Itai Dzamara’s spouse petitions government
Kudakwashe Vhenge
Today March 9 2020 marks exactly five years since anti-Mugabe campaigner and pro-democracy activist, Itai Dzamara disappeared.
In 2015, Dzamara was allegedly abducted by state agents near his Harare home after defiantly staging a one-man protest against then President Robert Mugabe.
Dzamara was demanding that Mugabe surrender his job as he had clearly failed to provide accountable leadership and run the economy down.
His wife, Sheffra Dzamara this morning handed over a letter on behalf of the Dzamara family appealing to President Emerson Mnangagwa to resolve the case of her husband.

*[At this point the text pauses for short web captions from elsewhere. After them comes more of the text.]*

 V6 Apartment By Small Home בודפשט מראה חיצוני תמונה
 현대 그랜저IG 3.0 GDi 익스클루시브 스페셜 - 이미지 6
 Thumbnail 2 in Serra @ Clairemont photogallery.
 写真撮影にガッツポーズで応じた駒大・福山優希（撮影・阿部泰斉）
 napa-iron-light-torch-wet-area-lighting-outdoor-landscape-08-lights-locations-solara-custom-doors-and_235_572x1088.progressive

In the letter she highlighted that she once wrote to Mnangagwa in 2018, in which she received no response prompting her to make the letter public.
In her letter she narrated how painful it is for her to live without the knowledge of her husband’s whereabouts.

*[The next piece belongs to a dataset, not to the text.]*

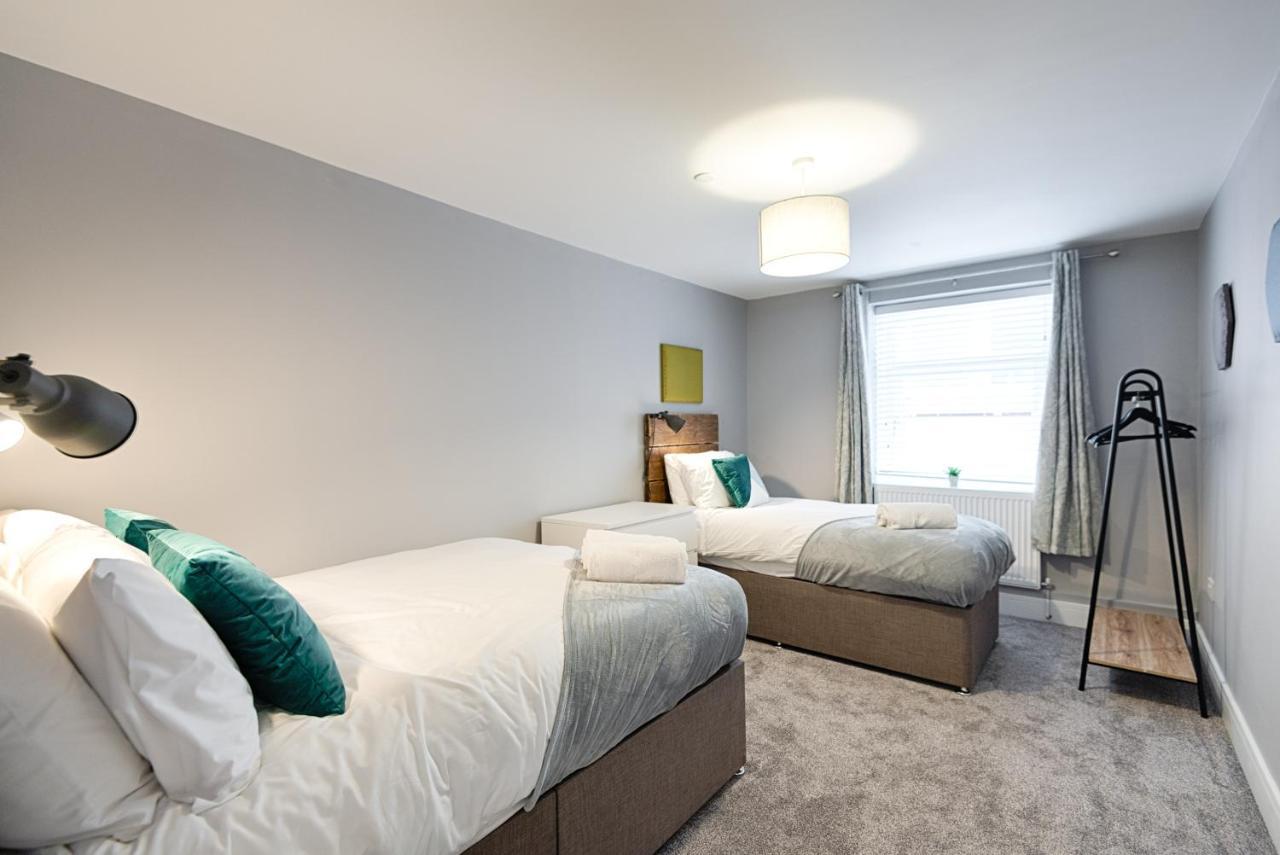 3 Rm Studio, Open-Plan Living, Dining, & Kitchen Llanelli Exteriér fotografie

“Today I write again, to share my pain with you, the pain of a wife caught between hope or grief and the pain I still feel every day because of not knowing the whereabouts of my husband. I write to tell you the pain of children growing up without a father, a role model, friend, and support pillar for the family,” read part of the letter.
Itai’s younger brother, Patson who has been fronting the campaign for his brother’s safe return once stated that Mnangagwa was ignoring the Dzamara family despite numerous efforts to engage him over the alleged abduction.
“Letters and requests to meet Mnangagwa have hit a brick wall. No letter has been responded to and no request to meet him has been accepted. We have tried to meet him soon after the November coup 2017 and his inauguration but to no avail,” recalled Patson Dzamara.
When he was still Vice President, Mnangagwa told the United Nations Universal Periodic Review (UPR) that government was actively pursuing the search for Itai. However, there have been little to no efforts by the same government to give regular updates, despite a court order issued in 2016 instructing it to do so.
According to eye-witnesses, Itai Dzamara was forcibly taken away on 9 March 2015 by five men while he was at a barbers’ shop in Harare’s Glen View suburb.
His kidnappers are said to have accused him of stealing cattle before handcuffing him, forcing him into a white truck with a concealed car registration number and driving off. He has not been seen since then.